Ce serait en partie la disparition de l’alcoolisme, car, lorsque l’on est sous le charme enchanteur de la musique on ne pense pas à boire, car quand, comme aurait dit Victor Hugo, on écoute une mélodie enjôleuse, on oublie l’heure de l’apéritif !…

Et puis, cela déterminerait des vocations nouvelles chez ce peuple si artiste, chez ces enfants et bientôt, de la sorte, nous ne tarderions pas à être le premier peuple de compositeurs d’Europe, ce qui, j’en suis persuadé, sur un homme de caractère comme vous, est certainement destiné à faire une grande impression !

Je n’insiste pas sur de pareils avantages moraux, car je sens l’émotion me gagner et vous ne pourriez pas y échapper vous-même.

Mais à côté de ces deux énormes avantages : équilibre, en partie du moins, du budget et régénération morale de la nation, il y aurait encore une foule d’autres conséquences heureuses que je ne puis, hélas, qu’indiquer ici d’un mot, faute de place.
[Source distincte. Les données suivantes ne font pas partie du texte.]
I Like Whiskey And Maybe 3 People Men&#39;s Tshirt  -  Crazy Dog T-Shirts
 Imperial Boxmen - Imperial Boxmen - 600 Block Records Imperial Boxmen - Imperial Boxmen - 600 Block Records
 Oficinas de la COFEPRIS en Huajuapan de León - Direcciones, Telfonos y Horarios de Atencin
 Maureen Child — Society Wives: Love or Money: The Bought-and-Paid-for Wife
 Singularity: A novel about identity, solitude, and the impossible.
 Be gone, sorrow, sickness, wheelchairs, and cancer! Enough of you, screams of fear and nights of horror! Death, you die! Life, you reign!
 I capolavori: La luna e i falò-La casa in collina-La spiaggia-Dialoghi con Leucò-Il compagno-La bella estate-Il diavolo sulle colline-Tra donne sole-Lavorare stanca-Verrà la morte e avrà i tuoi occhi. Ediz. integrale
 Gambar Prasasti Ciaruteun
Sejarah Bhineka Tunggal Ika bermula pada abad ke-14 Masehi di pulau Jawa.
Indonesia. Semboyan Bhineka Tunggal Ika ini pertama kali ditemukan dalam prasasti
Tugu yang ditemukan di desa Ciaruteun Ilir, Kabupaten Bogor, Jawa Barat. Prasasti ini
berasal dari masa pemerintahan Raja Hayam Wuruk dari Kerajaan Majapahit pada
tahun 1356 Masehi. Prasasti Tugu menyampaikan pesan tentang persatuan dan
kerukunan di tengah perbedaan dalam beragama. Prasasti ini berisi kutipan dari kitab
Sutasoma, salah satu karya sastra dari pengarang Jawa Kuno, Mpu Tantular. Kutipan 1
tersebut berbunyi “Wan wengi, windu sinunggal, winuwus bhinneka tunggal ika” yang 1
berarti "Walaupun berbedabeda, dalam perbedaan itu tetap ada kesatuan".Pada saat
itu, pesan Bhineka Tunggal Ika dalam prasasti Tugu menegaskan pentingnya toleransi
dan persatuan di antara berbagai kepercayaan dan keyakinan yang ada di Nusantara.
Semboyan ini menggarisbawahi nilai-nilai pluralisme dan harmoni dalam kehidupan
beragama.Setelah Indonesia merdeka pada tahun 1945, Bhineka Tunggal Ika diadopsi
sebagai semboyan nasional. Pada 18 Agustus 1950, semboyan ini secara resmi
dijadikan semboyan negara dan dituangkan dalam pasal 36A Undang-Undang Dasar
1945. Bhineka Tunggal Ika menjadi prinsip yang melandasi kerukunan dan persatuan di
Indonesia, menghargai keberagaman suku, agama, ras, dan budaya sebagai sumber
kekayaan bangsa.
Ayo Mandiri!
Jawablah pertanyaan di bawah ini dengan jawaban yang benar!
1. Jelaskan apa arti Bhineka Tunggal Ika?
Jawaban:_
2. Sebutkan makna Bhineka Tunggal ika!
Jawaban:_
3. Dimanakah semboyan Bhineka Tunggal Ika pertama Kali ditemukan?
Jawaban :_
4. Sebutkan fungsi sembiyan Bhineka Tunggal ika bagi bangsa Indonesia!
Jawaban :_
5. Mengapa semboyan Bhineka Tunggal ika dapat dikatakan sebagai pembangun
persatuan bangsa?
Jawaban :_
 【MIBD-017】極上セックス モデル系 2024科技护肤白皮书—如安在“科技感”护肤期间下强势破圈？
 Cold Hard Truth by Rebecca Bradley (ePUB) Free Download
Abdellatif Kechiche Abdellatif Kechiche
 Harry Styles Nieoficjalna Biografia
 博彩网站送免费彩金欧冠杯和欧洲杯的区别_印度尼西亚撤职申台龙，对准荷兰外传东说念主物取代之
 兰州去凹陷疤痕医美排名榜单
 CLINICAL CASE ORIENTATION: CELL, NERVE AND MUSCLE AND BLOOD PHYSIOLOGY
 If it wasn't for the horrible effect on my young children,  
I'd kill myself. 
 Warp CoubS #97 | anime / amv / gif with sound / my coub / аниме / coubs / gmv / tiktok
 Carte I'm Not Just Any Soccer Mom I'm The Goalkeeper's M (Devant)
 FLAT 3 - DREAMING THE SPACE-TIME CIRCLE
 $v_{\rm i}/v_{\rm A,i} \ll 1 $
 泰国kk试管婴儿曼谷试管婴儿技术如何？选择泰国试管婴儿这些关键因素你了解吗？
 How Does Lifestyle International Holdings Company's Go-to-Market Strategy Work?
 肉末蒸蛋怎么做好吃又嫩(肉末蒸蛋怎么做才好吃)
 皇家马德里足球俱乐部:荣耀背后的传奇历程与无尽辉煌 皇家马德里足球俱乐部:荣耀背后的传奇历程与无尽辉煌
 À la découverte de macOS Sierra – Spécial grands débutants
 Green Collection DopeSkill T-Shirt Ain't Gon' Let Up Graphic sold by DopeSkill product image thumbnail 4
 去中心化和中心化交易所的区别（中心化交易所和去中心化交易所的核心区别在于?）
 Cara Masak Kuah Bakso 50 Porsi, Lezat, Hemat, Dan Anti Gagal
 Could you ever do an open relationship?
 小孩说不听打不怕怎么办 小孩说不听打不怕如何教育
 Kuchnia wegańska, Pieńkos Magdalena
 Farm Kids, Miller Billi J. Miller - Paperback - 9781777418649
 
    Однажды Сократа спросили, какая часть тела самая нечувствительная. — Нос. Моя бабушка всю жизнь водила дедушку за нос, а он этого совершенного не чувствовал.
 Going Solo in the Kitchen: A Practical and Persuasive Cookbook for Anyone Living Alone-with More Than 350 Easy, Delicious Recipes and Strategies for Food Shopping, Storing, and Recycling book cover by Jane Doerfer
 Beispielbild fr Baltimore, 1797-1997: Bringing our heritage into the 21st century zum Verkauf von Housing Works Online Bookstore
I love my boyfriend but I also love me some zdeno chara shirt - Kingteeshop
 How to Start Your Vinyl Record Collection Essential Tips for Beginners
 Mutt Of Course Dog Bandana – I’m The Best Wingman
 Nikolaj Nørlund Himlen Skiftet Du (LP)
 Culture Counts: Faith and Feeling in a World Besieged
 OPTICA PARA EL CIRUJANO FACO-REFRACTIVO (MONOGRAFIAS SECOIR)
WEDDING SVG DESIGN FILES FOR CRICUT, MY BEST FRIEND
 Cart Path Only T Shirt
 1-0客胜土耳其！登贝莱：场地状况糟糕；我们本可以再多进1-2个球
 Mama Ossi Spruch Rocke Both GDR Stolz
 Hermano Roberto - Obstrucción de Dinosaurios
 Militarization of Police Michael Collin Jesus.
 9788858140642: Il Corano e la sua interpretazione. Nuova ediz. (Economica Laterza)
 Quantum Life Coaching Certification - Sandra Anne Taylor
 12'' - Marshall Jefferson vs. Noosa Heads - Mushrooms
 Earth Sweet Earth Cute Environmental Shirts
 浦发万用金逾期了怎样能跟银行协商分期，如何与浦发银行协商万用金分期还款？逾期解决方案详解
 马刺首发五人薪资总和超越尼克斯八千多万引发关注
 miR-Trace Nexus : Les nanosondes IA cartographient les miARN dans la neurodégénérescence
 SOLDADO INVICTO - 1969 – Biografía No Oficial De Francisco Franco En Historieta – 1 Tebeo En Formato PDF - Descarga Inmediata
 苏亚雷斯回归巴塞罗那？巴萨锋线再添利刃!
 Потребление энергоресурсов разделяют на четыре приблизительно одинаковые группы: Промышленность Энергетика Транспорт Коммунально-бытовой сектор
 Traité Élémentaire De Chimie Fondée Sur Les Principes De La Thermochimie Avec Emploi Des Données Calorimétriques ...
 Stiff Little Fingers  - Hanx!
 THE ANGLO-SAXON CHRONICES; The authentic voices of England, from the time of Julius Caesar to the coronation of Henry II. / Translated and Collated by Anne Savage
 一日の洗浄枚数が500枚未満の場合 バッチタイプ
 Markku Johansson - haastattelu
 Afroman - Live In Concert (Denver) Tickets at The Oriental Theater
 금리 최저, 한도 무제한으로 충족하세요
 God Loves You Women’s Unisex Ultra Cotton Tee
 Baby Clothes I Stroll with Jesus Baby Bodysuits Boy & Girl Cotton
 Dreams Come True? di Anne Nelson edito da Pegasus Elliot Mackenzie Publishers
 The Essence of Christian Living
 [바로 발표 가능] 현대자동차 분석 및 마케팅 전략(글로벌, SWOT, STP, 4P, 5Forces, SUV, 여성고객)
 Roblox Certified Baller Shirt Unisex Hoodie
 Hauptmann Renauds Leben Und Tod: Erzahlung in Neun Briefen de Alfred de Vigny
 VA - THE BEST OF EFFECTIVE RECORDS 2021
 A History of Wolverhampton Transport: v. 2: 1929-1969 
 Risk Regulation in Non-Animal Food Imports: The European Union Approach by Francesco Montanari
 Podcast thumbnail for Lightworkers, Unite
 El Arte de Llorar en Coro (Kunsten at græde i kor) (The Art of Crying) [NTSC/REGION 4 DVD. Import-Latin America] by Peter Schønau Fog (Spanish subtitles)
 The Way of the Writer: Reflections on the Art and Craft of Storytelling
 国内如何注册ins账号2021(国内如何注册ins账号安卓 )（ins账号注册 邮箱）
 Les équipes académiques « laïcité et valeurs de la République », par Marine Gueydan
C’est ainsi que les batailles, les bagarres et les coups deviendraient à peu près inconnus, étant donné que la musique adoucit les mœurs, comme chacun sait et que les sergents de ville, n’ayant plus rien à faire, ne tarderaient pas à engraisser scandaleusement.

Enfin, vu que le rire est le propre de l’homme, en choisissant des monologues tout à fait spirituels et amusants — ce qui ne serait pas facile à la vérité — pourrait voir dans l’installation du Phonographe central un moyen puissant de thérapeutique, aussi gratuit qu’agréable, contre toutes les neurasthénies contemporaines.

Il est vrai que les apothicaires ne seraient pas contents ; mais, que voulez-vous, il y a un vieux proverbe qui dit que l’on ne peut pas faire plaisir à tout le monde et à son père.

Mais ce n’est pas tout ; de la sorte et ipso facto, toutes les musiques militaires seraient supprimées et ce seraient autant de jeunes gens rendus à la vie civile, dont la caserne ne ferait pas d’avariés et qui n’auraient pas besoin d’y rester, puisqu’ils ne sont soldats que de nom.

Voilà, grosso modo, mon cher Monsieur Simyan, quels sont les nombreux et immenses avantages que vous pourriez retirer de la création d’un phonographe central dans toutes les grandes villes de France, pour commencer.

Sur ce, veuillez me croire toujours, mon cher sous-secrétaire d’État, votre bien dévoué.